Friday, May 24, 2013
VIDEODROME (1983) movie review
Videodrome (1983) d. Cronenberg, David (Canada)
As a cable programmer seeking to challenge the limits of the medium, James Woods becomes hooked on the pirated TV show “Videodrome,” whose lineup consists of real sex, real torture, and real murder. Before long, he finds himself entrenched in a cathode ray-conspiracy that threatens the world – or is it just all in his mind? Under the influence of the Videodrome signal, his body begins to undergo some rather discomforting alterations, such as the vagina-like orifice in his abdomen that gobbles up firearms and pulsating organic videocassettes with equal ardor.

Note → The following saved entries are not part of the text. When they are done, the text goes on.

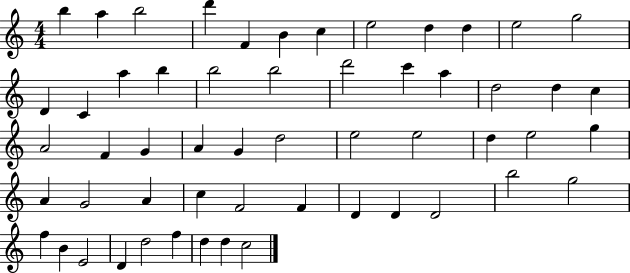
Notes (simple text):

B5/q A5/q B5/h D6/q F4/q B4/q C5/q E5/h D5/q D5/q E5/h G5/h D4/q C4/q A5/q B5/q B5/h B5/h D6/h C6/q A5/q D5/h D5/q C5/q A4/h F4/q G4/q A4/q G4/q D5/h E5/h E5/h D5/q E5/h G5/q A4/q G4/h A4/q C5/q F4/h F4/q D4/q D4/q D4/h B5/h G5/h F5/q B4/q E4/h D4/q D5/h F5/q D5/q D5/q C5/h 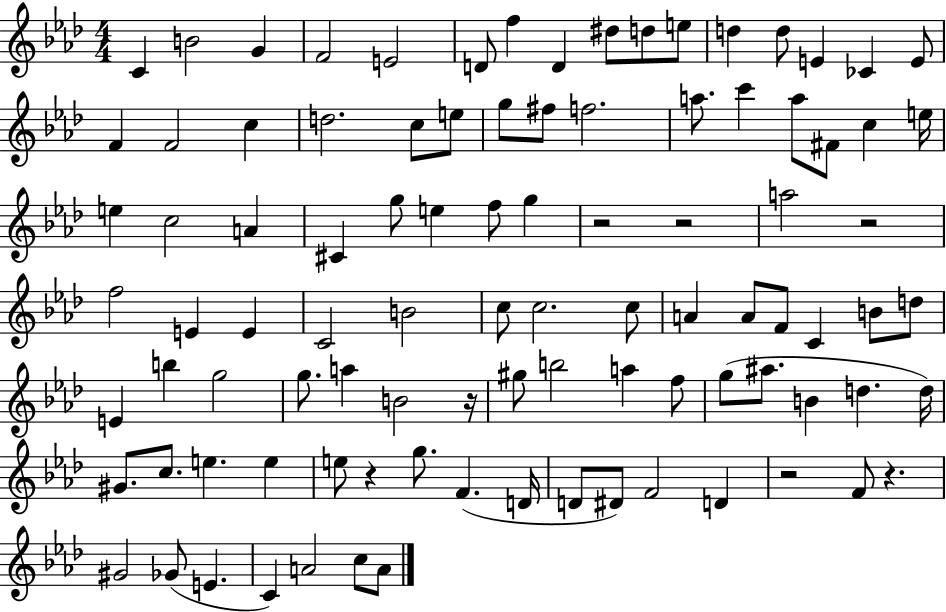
X:1
T:Untitled
M:4/4
L:1/4
K:Ab
C B2 G F2 E2 D/2 f D ^d/2 d/2 e/2 d d/2 E _C E/2 F F2 c d2 c/2 e/2 g/2 ^f/2 f2 a/2 c' a/2 ^F/2 c e/4 e c2 A ^C g/2 e f/2 g z2 z2 a2 z2 f2 E E C2 B2 c/2 c2 c/2 A A/2 F/2 C B/2 d/2 E b g2 g/2 a B2 z/4 ^g/2 b2 a f/2 g/2 ^a/2 B d d/4 ^G/2 c/2 e e e/2 z g/2 F D/4 D/2 ^D/2 F2 D z2 F/2 z ^G2 _G/2 E C A2 c/2 A/2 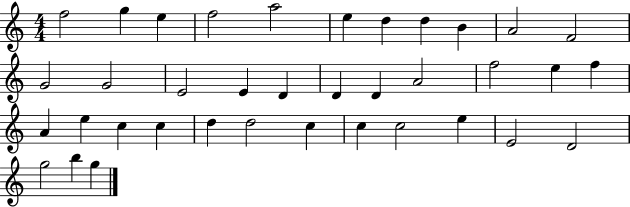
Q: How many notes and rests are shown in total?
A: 37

While a lesser director’s use of disgusting imagery might simply be written off as showboating, writer/director Cronenberg’s perverse, challenging, unnerving exploration of violence – both real and vicarious – instead possesses the one thing so often missing from sci-fi/horror ventures: a philosophy. It is this quality that elevates what could have been a muddled exploitation piece into a work of genius that demands repeat viewings.
The fearless performances by Woods and Blondie singer Deborah Harry, combined with the efforts of the special f/x makeup team composed of Rick Baker, Steven Johnson and Bill Sturgeon, anchor this brain-boggling masterpiece, which dares to take viewers inside the first-person narrative of its hallucinating protagonist.
Unquestionably one of the most striking and original horror movies ever made, if not for everyone's personal tastes.